Goal of the exercise: The expected output is each line from the one containing "口袋妖怪重制大甲技能选择推荐：惊喜更新带来全新策略，打造无敌战斗阵容指南！" to the last line of the data below, set down exactly, minus the pictures.

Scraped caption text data
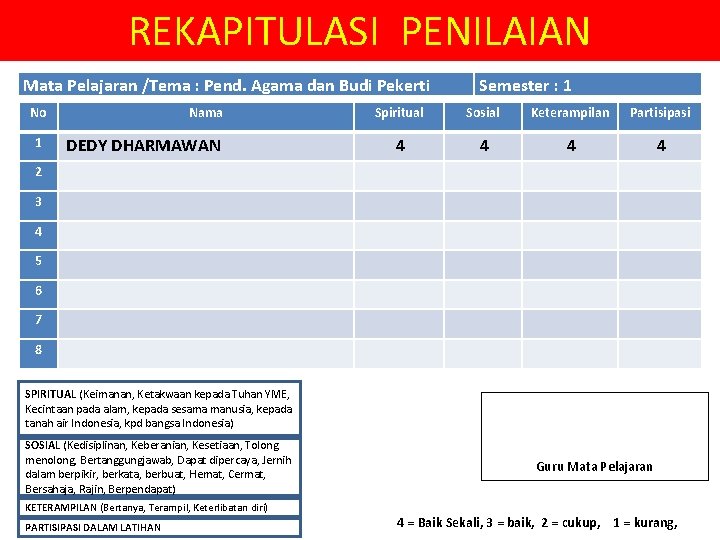 REKAPITULASI PENILAIAN Mata Pelajaran /Tema : Pend. Agama dan Budi Pekerti No Nama Semester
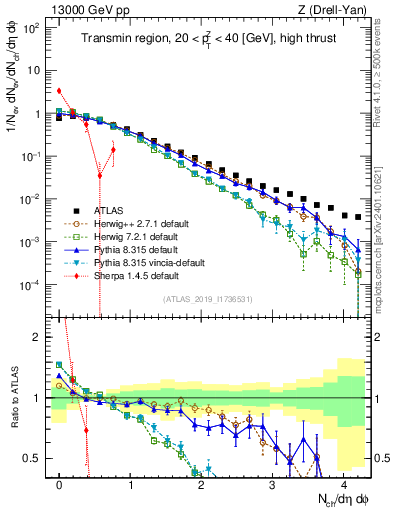 Plot of nch in 13000 GeV pp collisions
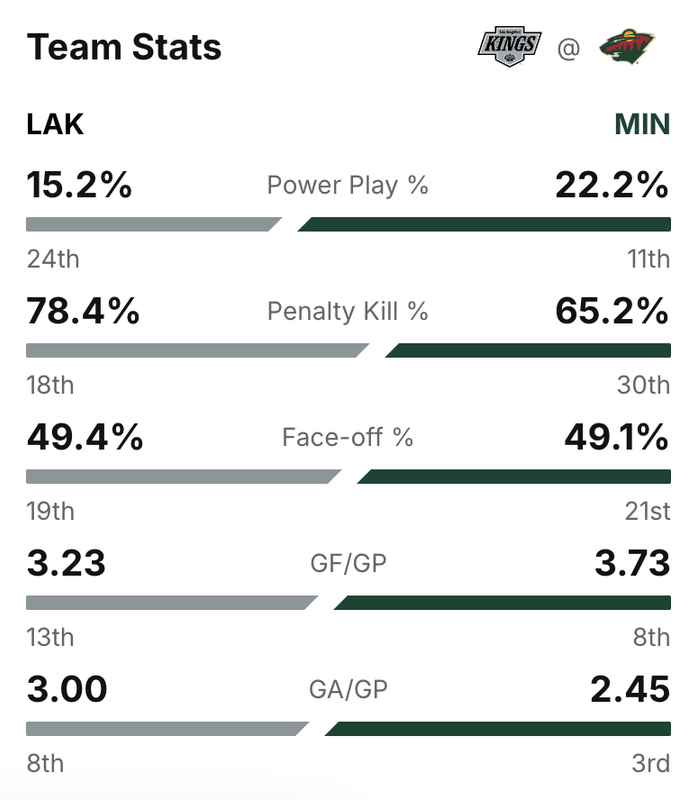 2024-G14-Stats.png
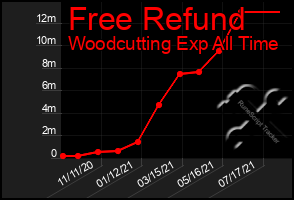 Total Graph of Free Refund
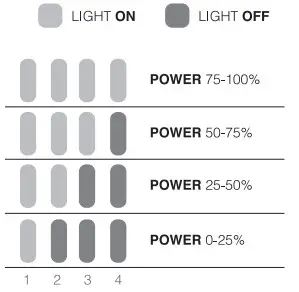 xtorm XR102 Rugged Power Bank- Light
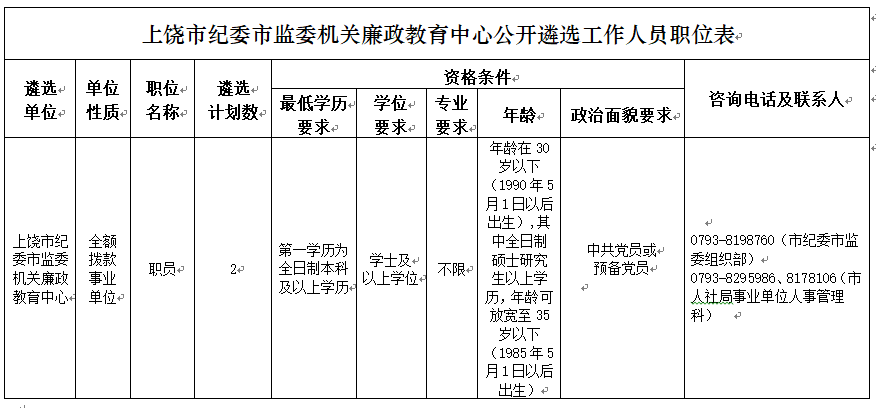 双高计划遴选工作八问答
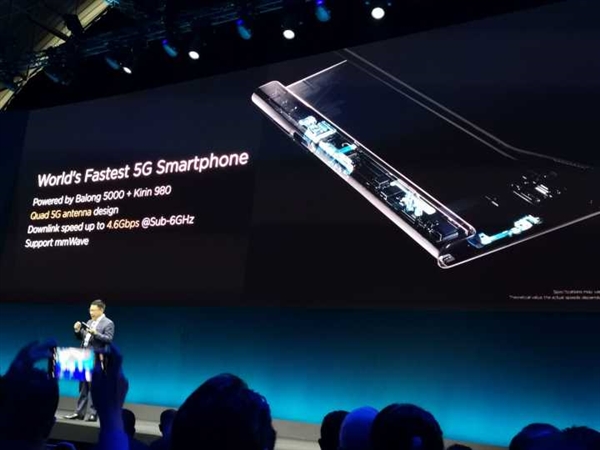 华为Mate X正式上线：首创“外翻”设计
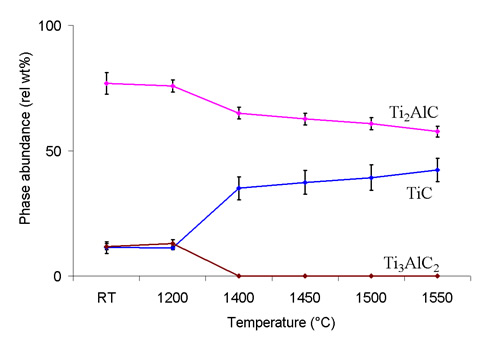 Phase abundance as a function of temperature for the decomposition of (a) Ti3SiC2, (b) Ti3AlC2, (c) Ti2AlC, and (d) Ti2AlN in vacuum.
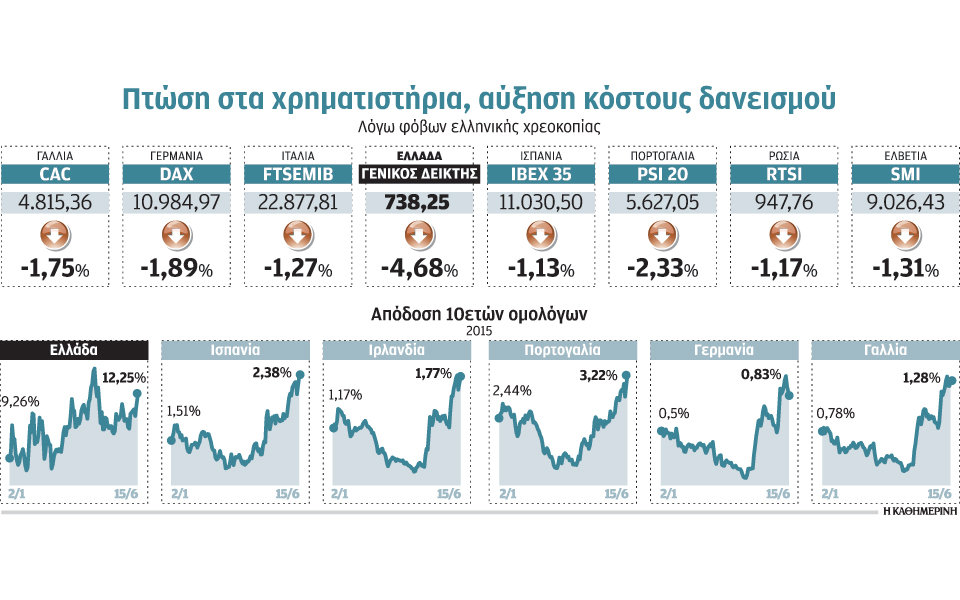 το-αδιέξοδο-στις-βρυξέλλες-τρόμαξε-τι-2088351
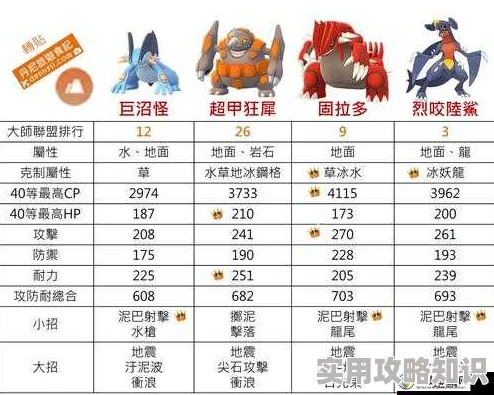 口袋妖怪重制大甲技能选择推荐：惊喜更新带来全新策略，打造无敌战斗阵容指南！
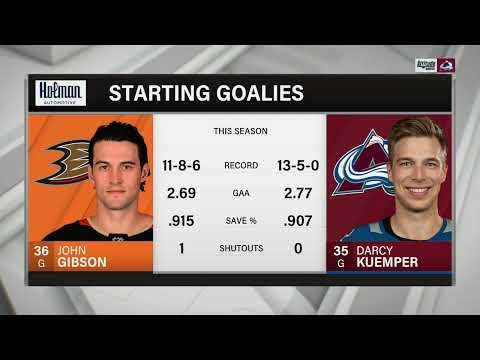 NHL  Jan.02/2022  Anaheim Ducks - Colorado Avalanche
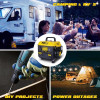 2300 Watt Portable Inverter Generator, Super Quiet Gas Generator for Home Use, EPA Compliant, Lightweight RV Ready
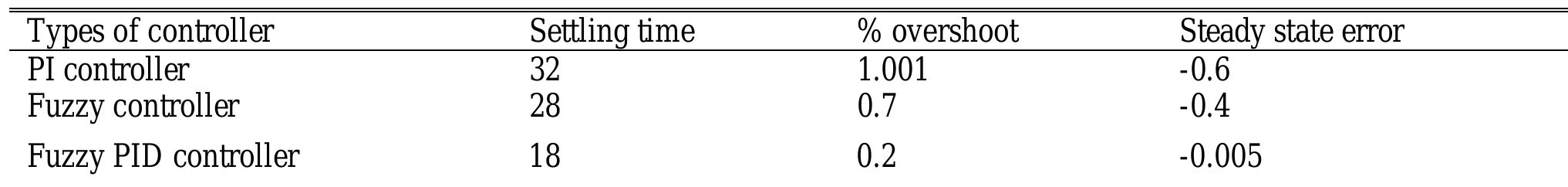 Table 11. Summary of power deviation (AP... ) of area-12  VII. CONCLUSION 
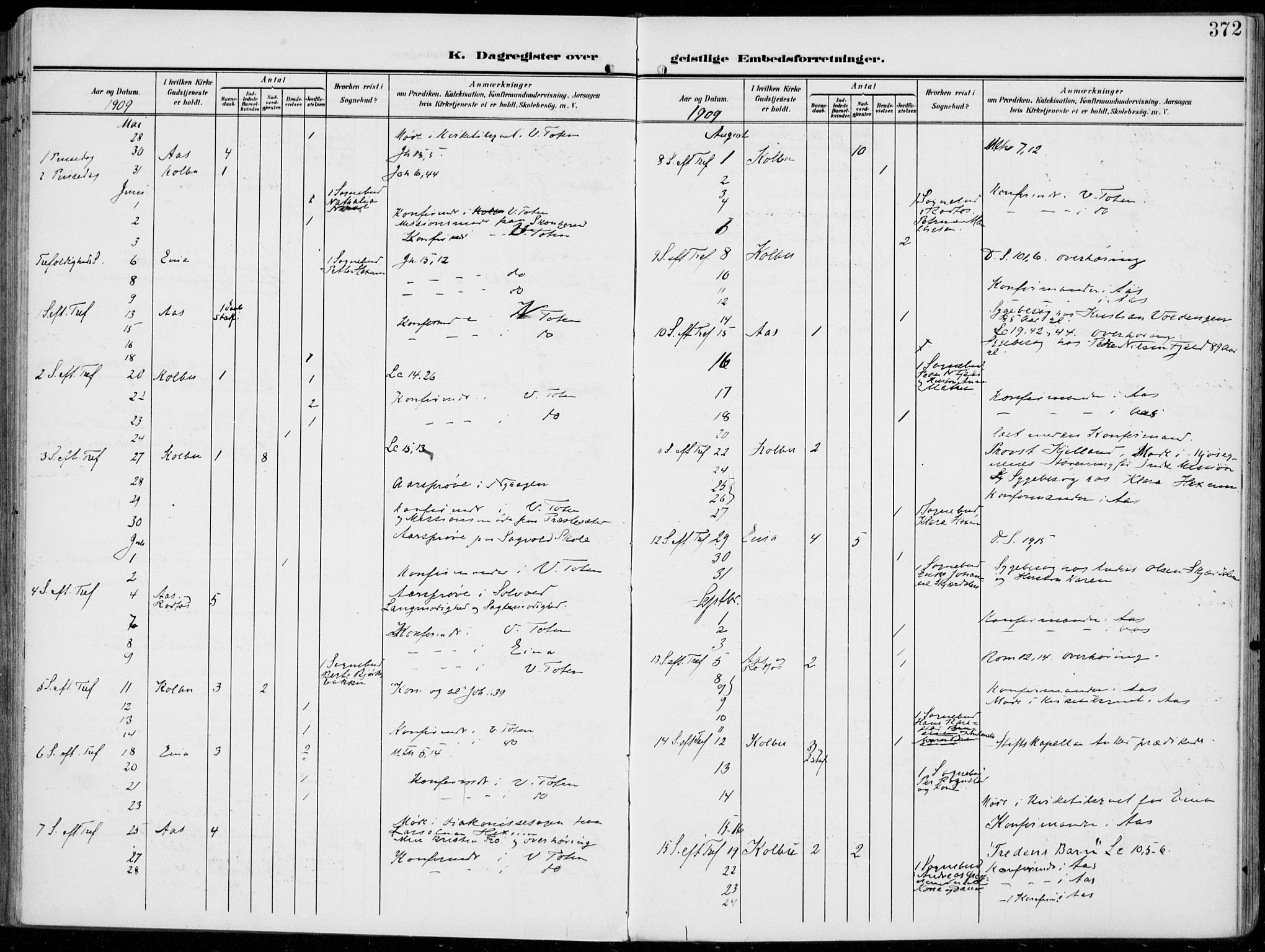 Vestre Toten prestekontor, AV/SAH-PREST-108/H/Ha/Haa/L0014: Parish register (official) no. 14, 1907-1920, p. 372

The completed task:
 口袋妖怪重制大甲技能选择推荐：惊喜更新带来全新策略，打造无敌战斗阵容指南！
 NHL  Jan.02/2022  Anaheim Ducks - Colorado Avalanche
 2300 Watt Portable Inverter Generator, Super Quiet Gas Generator for Home Use, EPA Compliant, Lightweight RV Ready
 Table 11. Summary of power deviation (AP... ) of area-12  VII. CONCLUSION 
 Vestre Toten prestekontor, AV/SAH-PREST-108/H/Ha/Haa/L0014: Parish register (official) no. 14, 1907-1920, p. 372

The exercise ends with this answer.